Soil carbon sequestration, in Biden’s own words, involves working “to remove carbon dioxide from the air and store it in the ground.” In practice, this can look like promoting no-till and multi-crop agricultural fields. The U.S. already does some of this. The Environmental Quality Incentives Program, which provides financial support for farmers using conservation practices, and the Conservation Reserve Program, which compensates farmers for land that they leave fallow are just two examples. Biden’s soil carbon sequestration plan takes these programs one step further and explicitly connects the health of agricultural soils to the nation’s mitigation of climate change.
Constructed by climate scientists, officials from the Obama presidency, and members of Biden’s transition team, the Climate 21 Project implores the U.S. Department of Agriculture to implement a national carbon bank within Biden’s first 100 days in office. This system would allow farmers storing carbon in their soil to sell credits to the national government. Notably, the price per ton of carbon suggested by the Climate 21 Project is $20 per ton of carbon dioxide, $30 short of the Environmental Defense Fund’s minimum estimate of its true social and environmental price. Including soil in a national carbon market sounds simple, but the Biden administration must consider construct this program carefully to ensure its eventual success.
Any national carbon market must also recognize the inequities inherent in the American agricultural system. U.S. farming is overwhelmingly white by design. While the Climate 21 Project’s memo to the USDA does mention a need for “diversity, inclusion, and environmental justice,” in the implementation of its recommendations, there is no such mention of how these principles would factor into a national carbon market. Biden’s explicit support for the Justice for Black Farmers Act would be a good way to signal that his administration is committed to racial justice in U.S. agriculture. This step would also signal that these principles may also be taken seriously in its design of a national carbon market.

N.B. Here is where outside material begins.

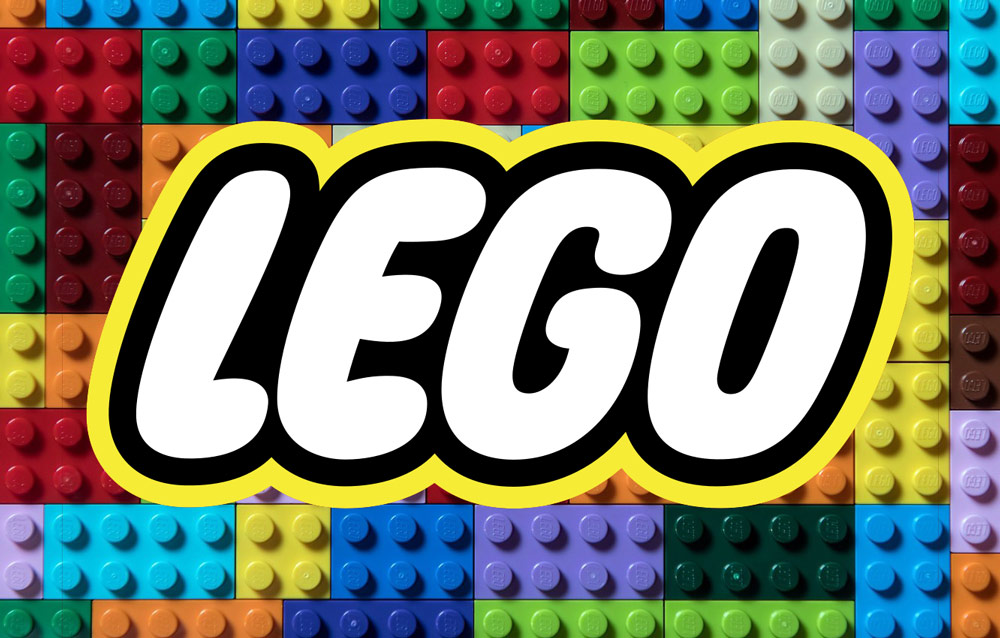Компания LEGO отмечает юбилей запуска своей первой видеоигры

None of these complexities mean that Biden should abandon the idea of a soil-based carbon market completely. Australia has financially incentivized soil carbon sequestration on farms since 2013 through its Emissions Reduction Fund and has plans to increase these efforts imminently. Climate scientists and soil ecologists alike tell us time and time again that soil carbon sequestration is powerful. Estimates of the amount of carbon stored in soil annually range from 1 to 3 billion tons. With climate change, the ground is buying us time.

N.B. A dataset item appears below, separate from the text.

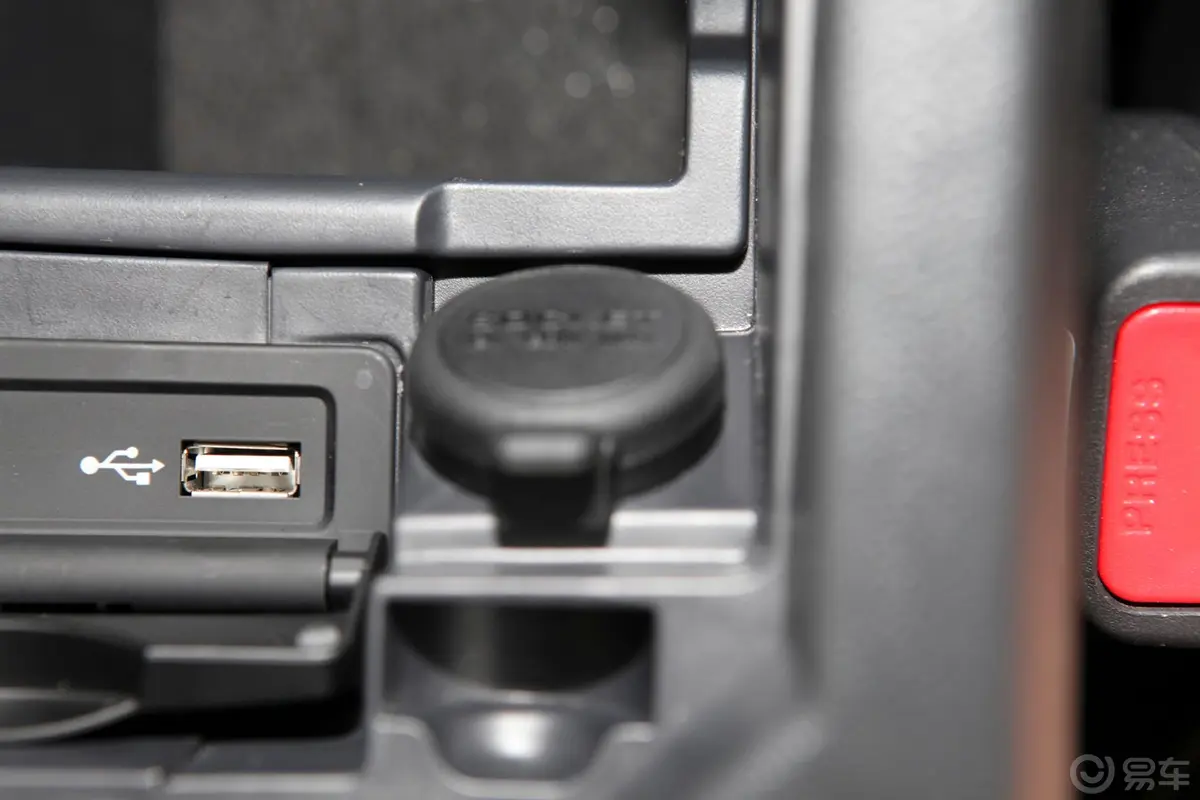 科雷傲(进口)2.5L 四驱 舒适版USB接口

But there is a limit to what farms’ soil can fix for us. The Climate 21 proposal focuses only on farmland as a potential site for carbon storage, and in doing so ignores the potential of other ecosystems to store huge amounts of carbon. Peatlands, for instance, store more carbon annually than all other ecosystem types combined. Prairies too, which are prevalent in the U.S., can store tons of carbon in their extensive root systems. A robust, climate driven soil carbon market must also include these non-agricultural ecosystems.
Biden and the Climate 21 Project’s emphasis on soil carbon sequestration is a microcosm of larger problems with mainstream discourse around the climate crisis. Yes, we must take action to ensure that we do not squander the soil’s amazing ability to shield just from the full force of the carbon that we emit. But this action should account for and work to dismantle the inequities inherent in the U.S. agricultural system. This action should apply to every ecosystem that is scientifically relevant, not just farming where it is more politically popular. It should not undervalue the damage that we are doing to our planet and to each other.

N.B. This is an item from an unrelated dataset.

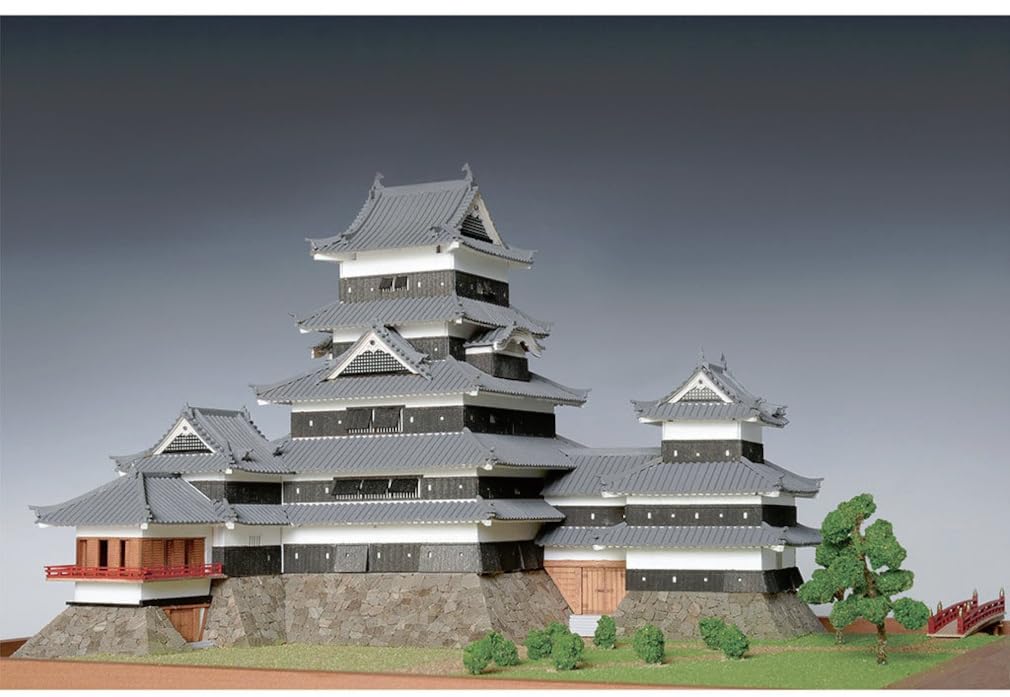Woody Joe 1/150 Matsumoto Castle Wooden Model Assembly Kit (Building)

Climate change is a global, complex issue, and the soil carbon sequestration side of things is no exception. The level of nuance necessary to successfully implement soil carbon sequestration frameworks in the U.S. is huge. Now that we have an administration that agrees with scientists about the basic facts of climate change, we may be closer to having these necessary conversations about how best to implement effective and lasting climate policies.